Ktoś wyrzucił suczkę do śmieci
Suczka rasy pitbull znajdowała się w ogromnych rozmiarów śmietniku. Na pierwszy rzut oka widać było, że czuje się bardzo zagubiona i przestraszona. Cała się trzęsła. Nie było więc możliwości, aby wskoczyła do kontenera samodzielnie, stąd obrońcy zwierząt nie mieli wątpliwości, że ktoś musiał ją do niego wyrzucić.
- To bardzo niepokojące, że ktoś to zrobił. Wszystko, co musieli zrobić, to odebrać telefon, zadzwonić do mnie, zadzwonić do Trumbull County Dog Pound, zadzwonić do Ligi Welfare, ktoś byłby więcej niż szczęśliwy, gdyby zabrał im psa – powiedział oficer kontroli zwierząt Jason Onatz.
Czworonóg został wyciągnięty poza pojemnik na śmieci, a następnie zabezpieczony przez aktywistów. Na jego ciele znajdowało się wiele otwartych ran i blizn świadczących o tym, że w przeszłości był bity przez swoich właścicieli. Prawdopodobnie nigdy nie poznał człowieka od kochającej, troskliwej strony.

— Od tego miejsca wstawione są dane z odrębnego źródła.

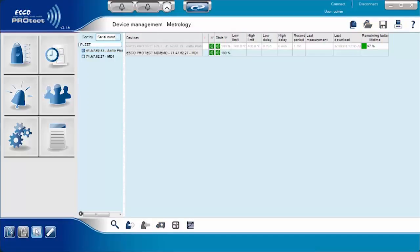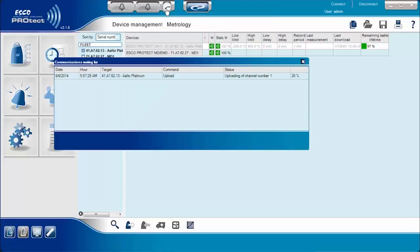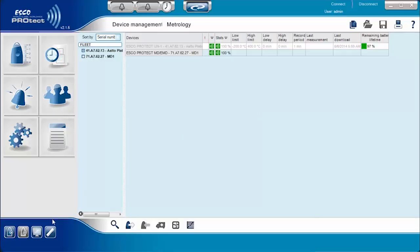Select the Upload Measurement icon in order to retrieve data gathered by ESCO ProTech devices. Afterwards, to show the last data measurement by the ProTech device connected on the system, the user needs to click the Last Measurement icon.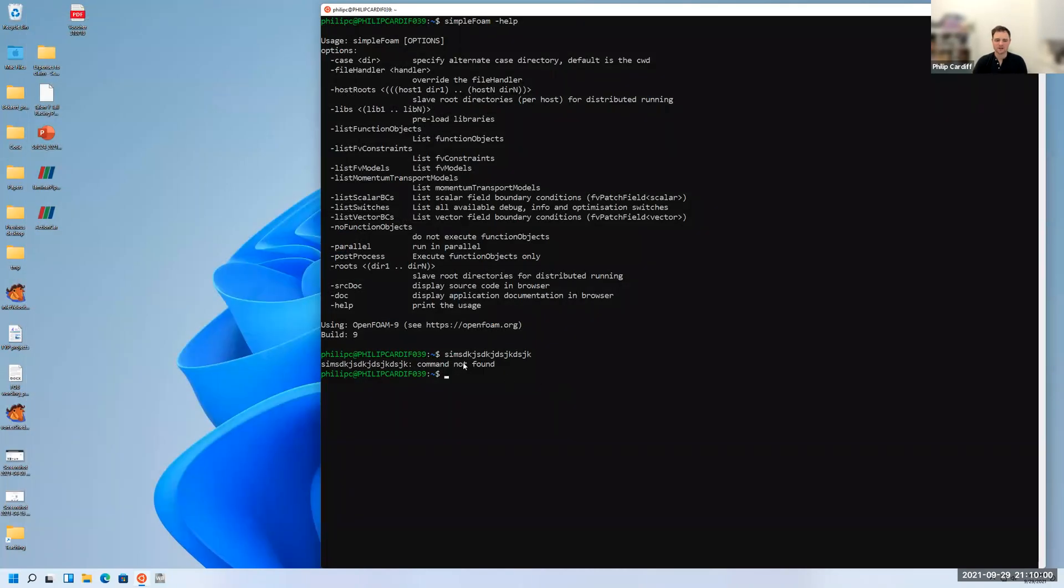Whenever you open a terminal, it'll automatically load this version of OpenFOAM, and then you're ready to use OpenFOAM. That's the end of this tutorial.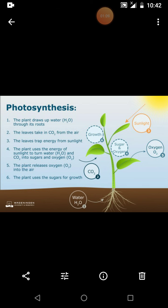Xylem and phloem function in the vascular system. As you know, the xylem transports water and minerals upwards from the root to the leaves. Water and minerals are transported up to the leaves. That is the function of the xylem — xylem transports water and minerals upward from root to the leaves.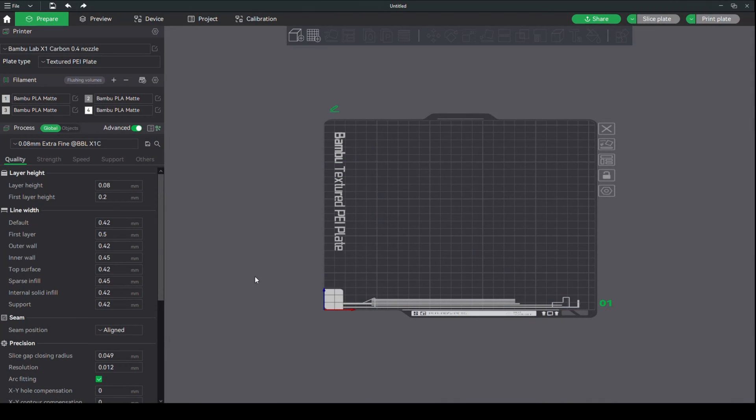Okay, so I'm in Bamboo Studio right now, as you can see, and I'll show you how you can change the location of your seam.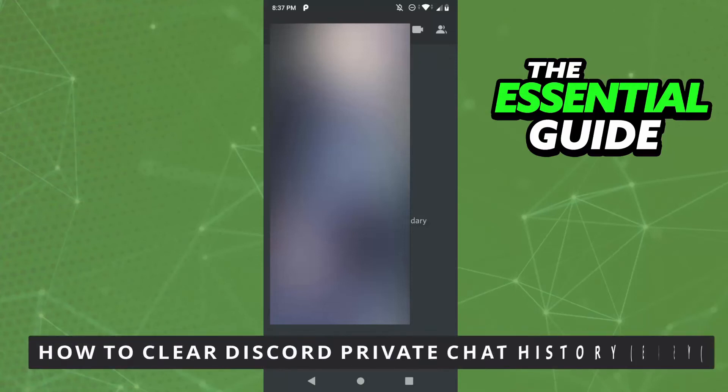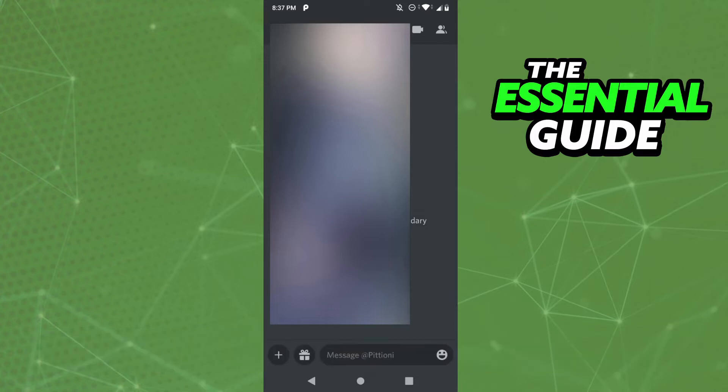Hello everybody, how's it going? Today I will teach you how to clear your Discord private chat history. The first thing you need to do is make sure your Discord app is updated. That's very important.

Pracownicy schroniska nadali suczce imię Phoenix i przewieźli ją do lecznicy. Na miejscu lekarz zdiagnozował u niej niedowagę i problemy z tylnymi łapami. Dopóki pitbull nie dojdzie do siebie, nie będzie mógł trafić do nowej rodziny adopcyjnej. Obecnie przebywa pod czujnym okiem weterynarzy i pracowników schroniska.
Właściciel pitbulla miał w nim interes
Wkrótce po opublikowaniu pierwszego wpisu dotyczącego Phoenix na mediach społecznościowych, na jaw wyszły straszliwe fakty z jej przeszłości. Pracownicy amerykańskiego schroniska zaczęli podejrzewać, że suczka była wykorzystywana do rodzenia szczeniaków w pseudohodowli . Wskazywać na to mogą liczne guzy na jej sutkach oraz niedowład kończyn.
Możliwe jest, że hodowca uczynił z Phoenix narzędzie do zarabiania pieniędzy. Suczka mogła posłużyć za żywy inkubator masowej "produkcji" kolejnych miotów. Zwierzę niewątpliwie przeżywało katusze, wydając na świat potomstwo w zawrotnym tempie.
Sprawą zajęła się amerykańska policja, która pilnie poszukuje sprawcy porzucenia pitbulla w śmietniku. Miejmy nadzieję, że osoba, która dopuściła się tak karygodnego czynu, wkrótce zostanie odnaleziona i odpowie za to przed sądem.